En este contexto, la llamada cláusula de comercio (Art. 75 inc. 13 C.N.) –importada del régimen constitucional norteamericano- y la figura de los Establecimientos de Utilidad Nacional (Art. 75 inc. 30) –la cual consagra la regla de la “no interferencia” a la hora de deslindar las competencias tributarias municipales- representan dos de las principales limitantes de los Municipios a la hora de configurar sus esquemas tributarios. Estas potenciales restricciones obedecen a la preeminencia del interés nacional o federal que detentan ciertas actividades económicas, las cuales redundan en un beneficio para la población del país en su conjunto.
La cuestión se vuelve aún más compleja a partir de una sentencia reciente de la CSJN
Las retracciones a las que hacemos mención no implicarían –insistimos, desde lo teórico- una desaparición de los poderes tributario, o inclusive, regulatorios o de “policía” por parte de los Municipios.

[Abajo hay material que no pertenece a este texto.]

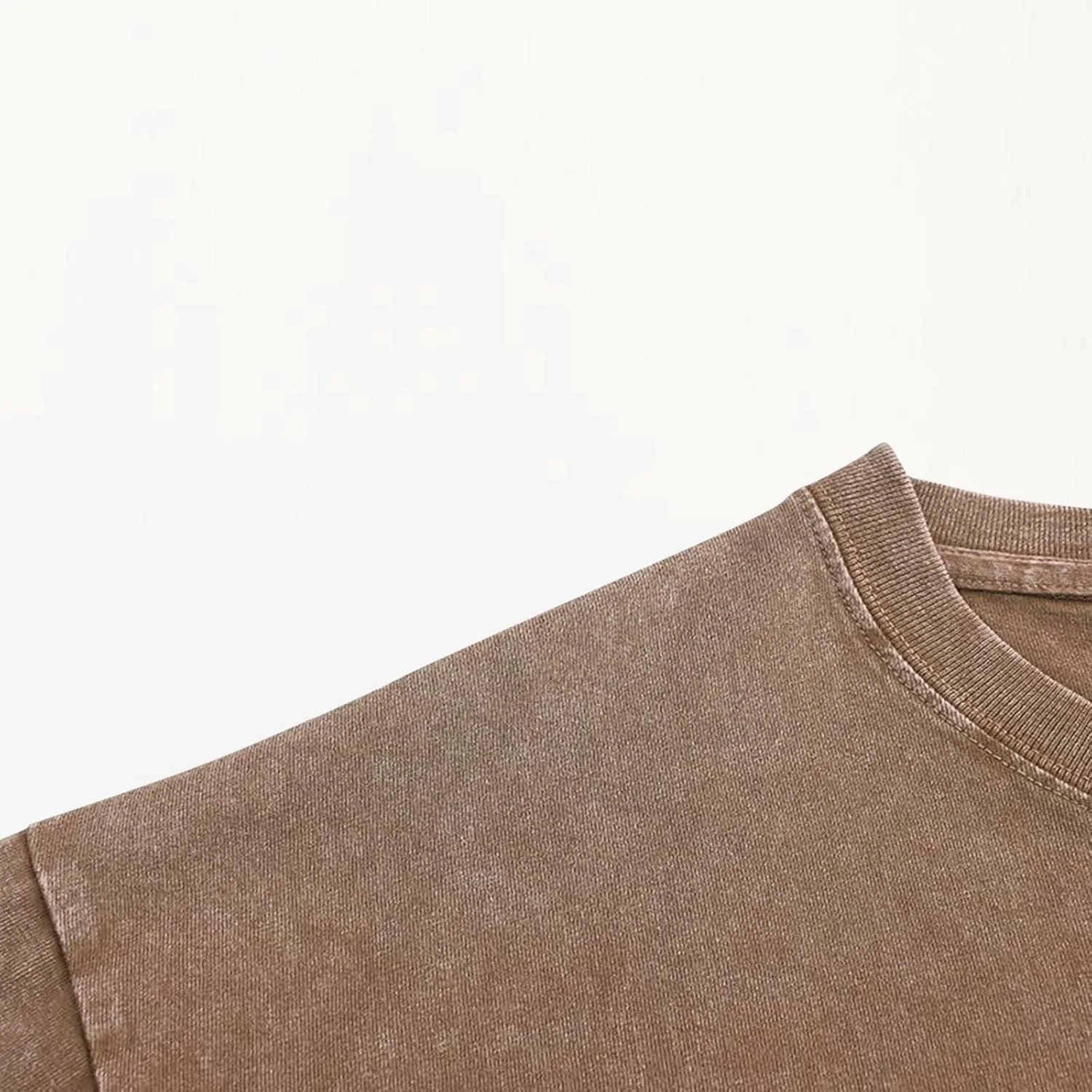 Мужская футболка Cotton Oversized Vintage Washed Tee — фото 4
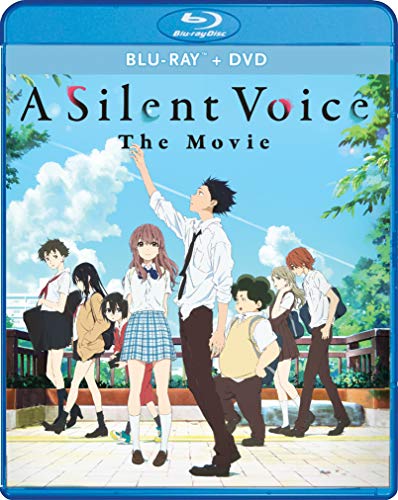 Book Cover A Silent Voice - The Movie (Blu-ray) (Amazon Version)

Sin embargo, la realidad pareciera indicar lo contrario.
Conteste a ello, sin que esto implique a primera vista una potencial restricción, se advierte una tendencia actual proclive a admitir la competencia de los tribunales federales cuando se discute acerca de legitimidad de los tributos locales con respecto a una posible colisión con normativa o intereses federales. Esta cuestión ha sido tratada en un fallo relativamente reciente de la C.S.J.N. (“H.E.R. c/ Mun. De Paraná, 21/11/2018), donde se declaró la competencia de los juzgados federales para resolver la legalidad de una tasa que abarca –entre otros supuestos- al transporte internacional e interjurisdiccional de pasajeros con fines turísticos.
Sin lugar a duda, el ejemplo más nítido del detrimento de los poderes municipales se advierte al examinar la situación que se da con referencia la normativa nacional en materia de Telecomunicaciones (Leyes Nros. 19.798 y 27.078). En este contexto, la famosa exención contemplada por la Ley Nº 19.798 fue fruto de acaloradas discusiones, las cuales a partir de la mediados de la década del 90 (CSJN, “Telefónica de Argentina S.A. c. Mun. de General Pico”, 1997) fueron zanjadas a favor de las empresas del rubro.
No obstante el carácter restrictivo de las exenciones tributarias de arraigado raigambre jurisprudencial, se observa en el plano profesional una creciente intención por parte de las empresas de telefonía móvil de acogerse a las franquicias que parecieran haber sido conferidas en forma exclusiva a los operadores tradicionales.
La cuestión se vuelve aún más compleja a partir de una sentencia reciente de la CSJN (“Telefónicas Móviles y otro c/ Mun. de Gral Güemes”, del 2/7/2019), en donde se decidió el poder de policía local no puede extenderse a los aspectos regulatorios de competencia de la Nación, denegando –en este caso- la posibilidad de los entes Municipales de discutir la instalación de las Antenas que permiten prestar el servicio de telecomunicaciones.
Las circunstancias descriptas, más allá de los trascendentales finalidad en juego, obligan a repensar las facultades municipales ante estos supuestos, en aras de evitar que la pregonada “autonomía” quede reducida a una mera cuestión semántica.